KainingYing / CTVIS

ICCV'2023 | CTVIS: Consistent Training for Online Video Instance Segmentation
MIT License
70 stars 4 forks source link

Some code issues #3

Open fanghaook opened 1 year ago

fanghaook commented 1 year ago
  1. The code cannot be trained, the error is: CTVIS/mask2former/modeling/matcher.py", line 111, in memory_efficient_forward cost_class = -out_prob[:, tgt_ids] IndexError: tensors used as indices must be long, int, byte or bool tensors
  2. I test the author's YTVIS19_R50 model is 54.4AP, but the result does not match the paper. It is 55.1AP in the paper and 55.2AP in README.md.
  3. visualize_all_videos.py and demo.py cannot run, import many modules that are not included in the code.
KainingYing commented 1 year ago

Thanks for your attention.

  1. This issue is caused by the Python environment. Please follow the Install to construct the conda environment. And we fix this in the latest version.
  2. The fluctuation in mAP is due to differences in environment and equipment. We inference on RTX 3060, PYTHON 3.10, CUDA 11.7, PYTORCH 2.0.0. We don't know how to mitigate this phenomenon. If you know how, we would be very grateful.
  3. We fix this in the latest version.
fanghaook commented 1 year ago

I tried retraining to reproduce the author's results, but the results were not satisfactory. The version of YTVIS2019_ResNet50 only had 51-52AP, far from reaching 55AP. Let me briefly describe the training process:

  1. I first created a new environment entirely according to the author's README.md, but after python train_ctvis.py, an error occurred: ImportError: /home/.local/lib/python3.10/site-packages/MultiScaleDeformableAttention-1.0-py3.10-linux-x86_64.egg/MultiScaleDeformableAttention.cpython-310-x86_64-linux-gnu.so: undefined symbol: _ZN2at4_ops4view4callERKNS_6TensorEN3c108ArrayRefIlEE I guess there are still some incompatibilities in the environment version provided by the author. The author can try creating a new environment to see if it is compatible.
  2. I created a new environment based on INSTALL.md in Mask2Former's GitHub and found that your code can run normally, so I started training. Due to limited GPU memory, I set Batchsize to 8 and trained under multiple iterations such as (6000, 12000) and (12000, 24000), other hyperparameters have also been modified accordingly, but the result was only 51-52AP.
  3. I tried the code that the author updated a few days ago, include cfg.MODEL.CL_PLUGIN.NOISE_EMBED = False and other updates, but the results were even worse.
KainingYing commented 1 year ago
  1. When you reconstruct the environment, it is best to delete the mask2former/modeling/pixel_decoder/ops/build directory. This command works well for me.
  2. Can you give the detailed config file?
KainingYing commented 1 year ago

Hi @fanghaook ,

When we prepared our submission, we only set the SOLVER.IMS_PER_BATCH as 16 empirically. We also found locally that using small batches leads to extremely unstable results, and may even drop 2~3 AP. We are finding the best config setting for small batch sizes or implementing the gradient accumulation to simulate identical batch sizes in limited GPUs.
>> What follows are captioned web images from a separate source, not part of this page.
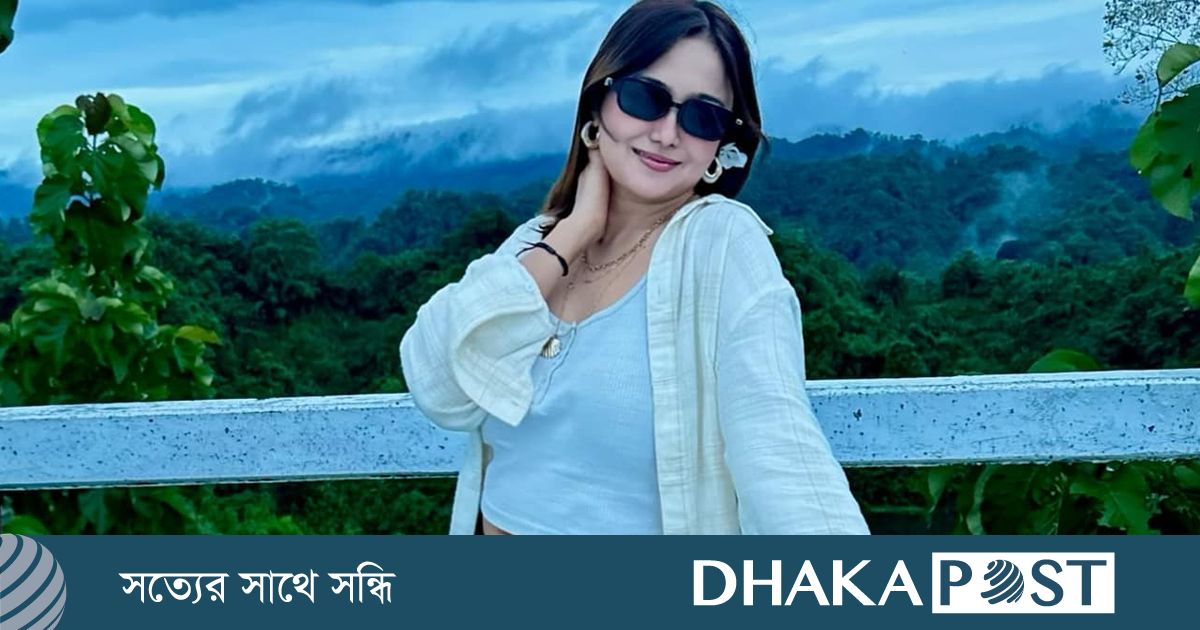 ‘ছোট বিষয়গুলো থেকে সহজে সুখ খুঁজে নিতে পারেন’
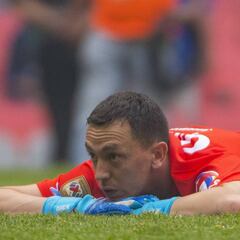 Marchesín asegura que en la Liga MX lo volteaban a ver poco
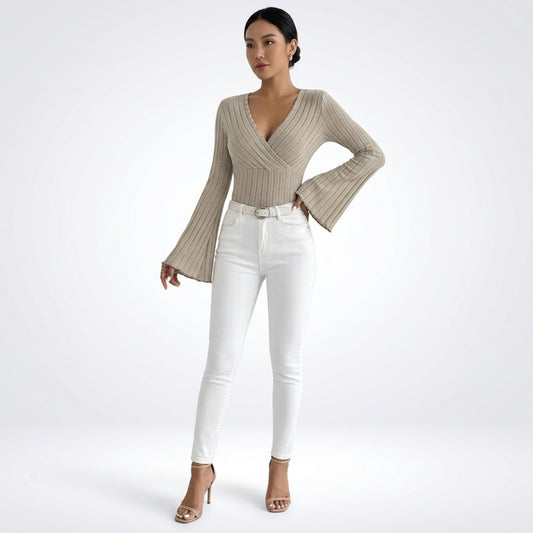 Ribbad Topp Dam – Slim Fit Långärmad Tröja med Flared Ärmar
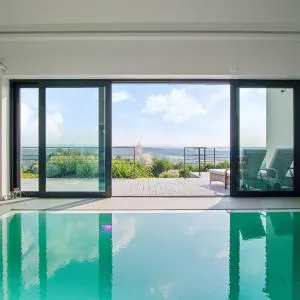 villa relax with swimming pool and mountain view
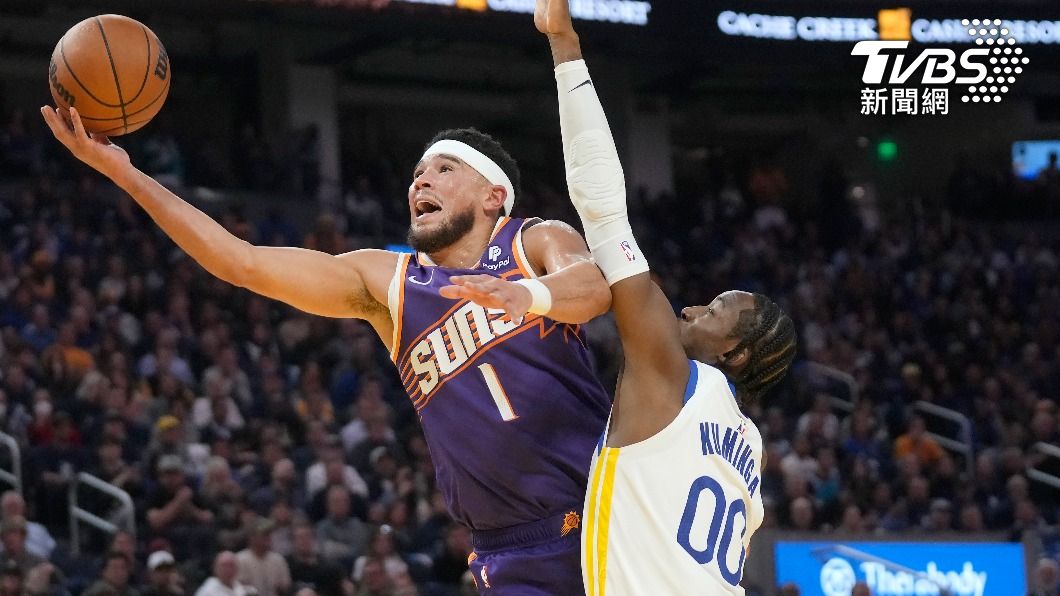 NBA/太陽傷兵+1!布克「開幕戰扭傷左腳」 預估歸隊時間曝光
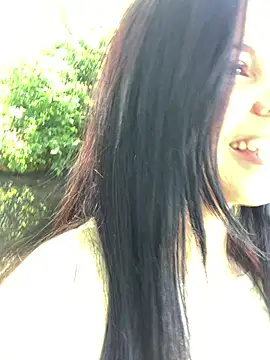 Snapshot of Estefani_32 chatting on July 4, 2026, 9:19 pm Estefani 32 online show from July 4, 2026, 9:19 pm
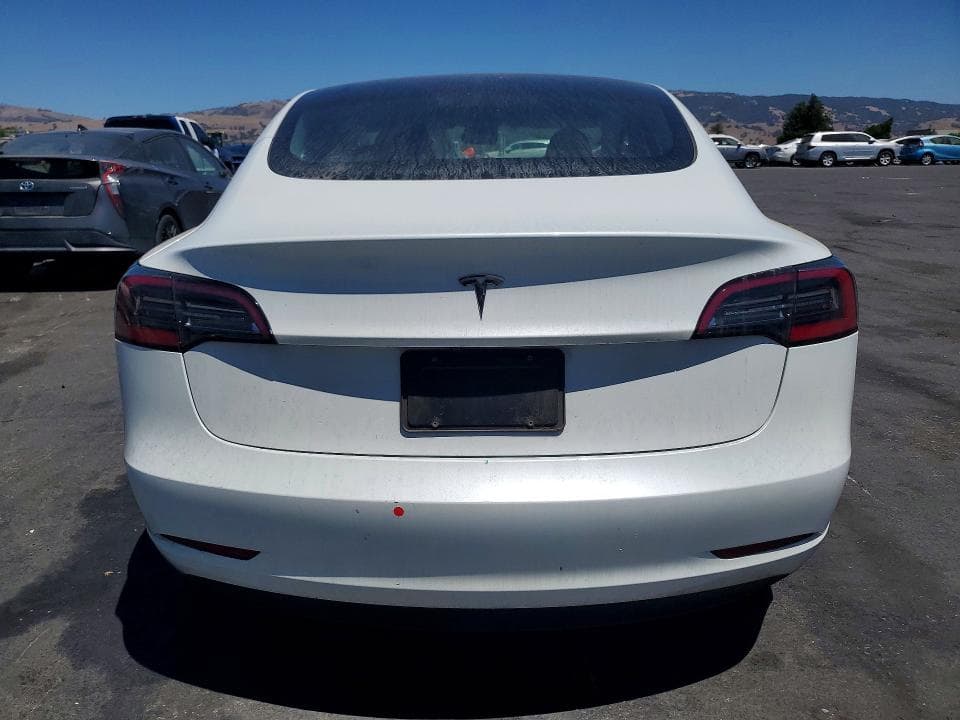 2023 TESLA MODEL 3 6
fanghaook commented 1 year ago
  1. If I have time, I will try rebuilding the environment, but the environment should not be the reason for poor performance.
  2. IMS_PER_BATCH: 4,8, BASE_LR:0.0001,0.00005, STEPS: (6000, 12000),(12000, 24000),MAX_ITER:16000,32000. The above is my hyperparameter selection. I trained multiple sets of different hyperparameter combinations, but the results were not good. Sometimes, even the results with a batch size of 4 are better than 8, which is very strange.